**Task instructions:**
Restate, word for word and with no pictures, the stretch of lines in the data below that begins at the line with "Monitoriaus konversijos rinkinys" and ends at the line with "Mercedes-Benz 409 - LF", inclusive.

*** Opening of Data listing ***

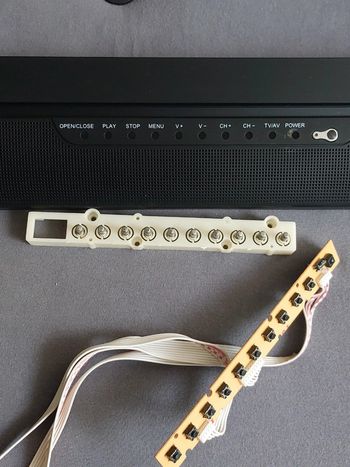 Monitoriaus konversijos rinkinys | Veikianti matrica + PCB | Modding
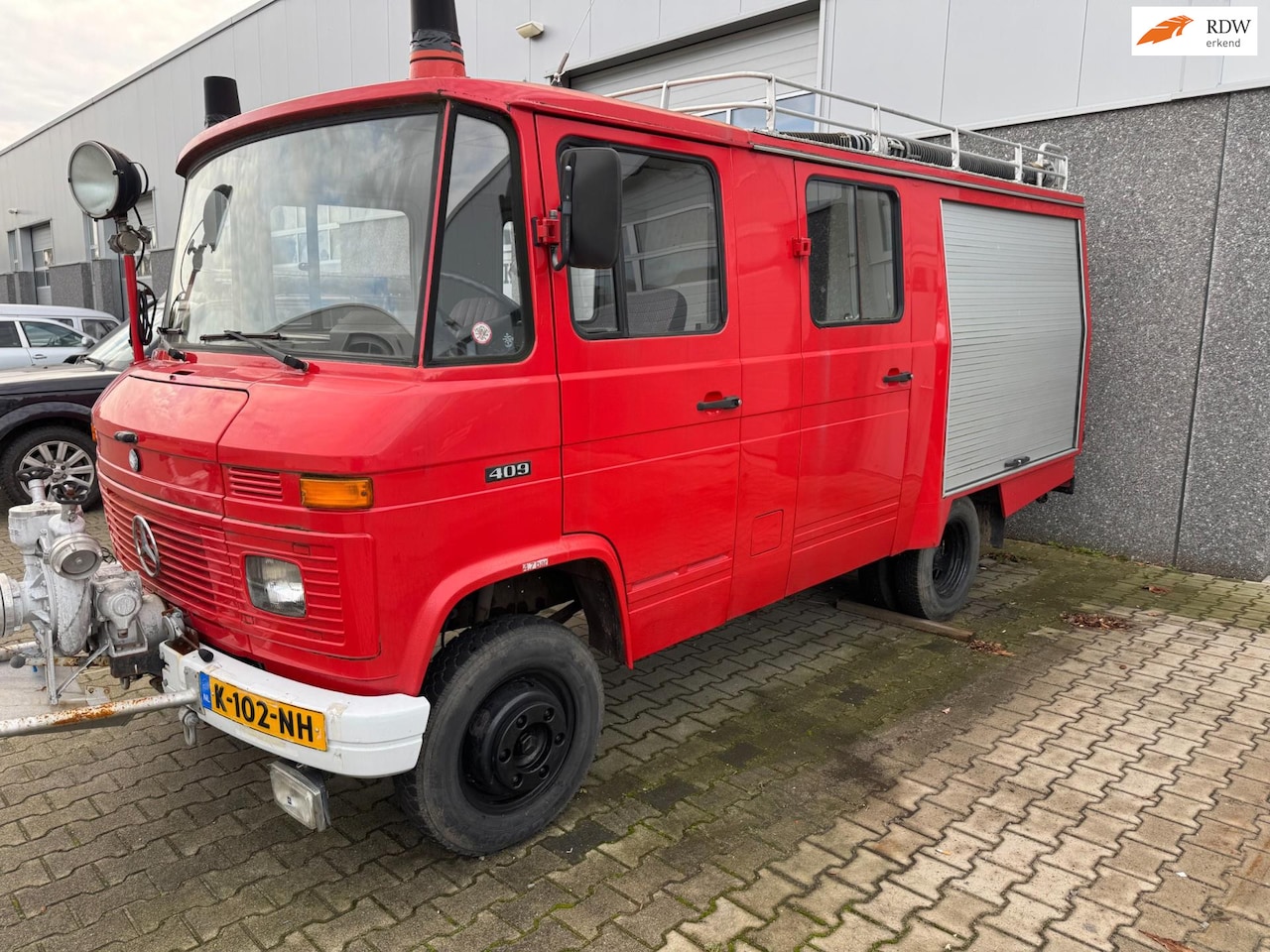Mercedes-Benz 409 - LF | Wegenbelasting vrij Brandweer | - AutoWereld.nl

*** Close of Data listing ***
*** Opening of Data listing ***

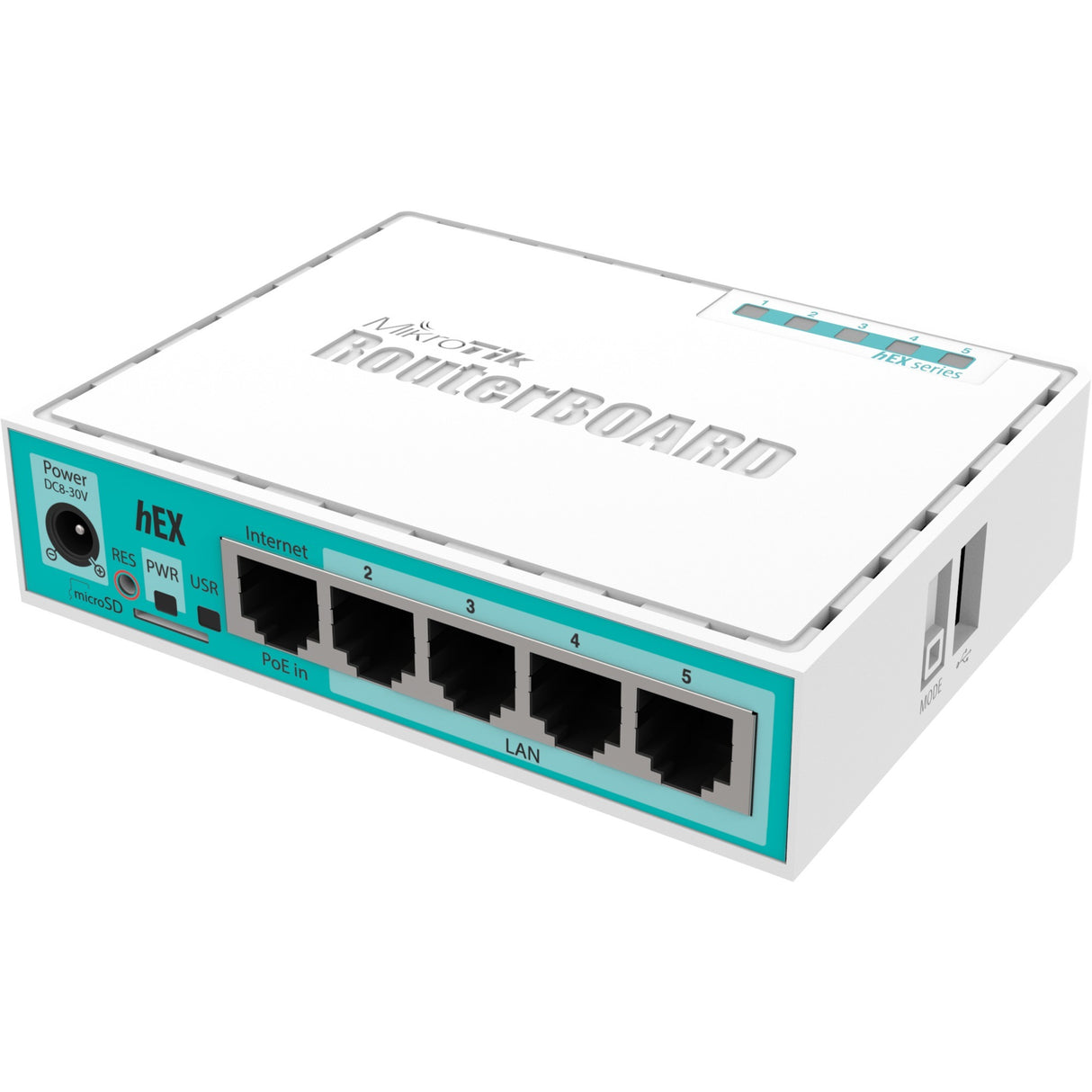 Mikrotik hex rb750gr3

*** Close of Data listing ***

**Answer section:**
 Monitoriaus konversijos rinkinys | Veikianti matrica + PCB | Modding
Mercedes-Benz 409 - LF | Wegenbelasting vrij Brandweer | - AutoWereld.nl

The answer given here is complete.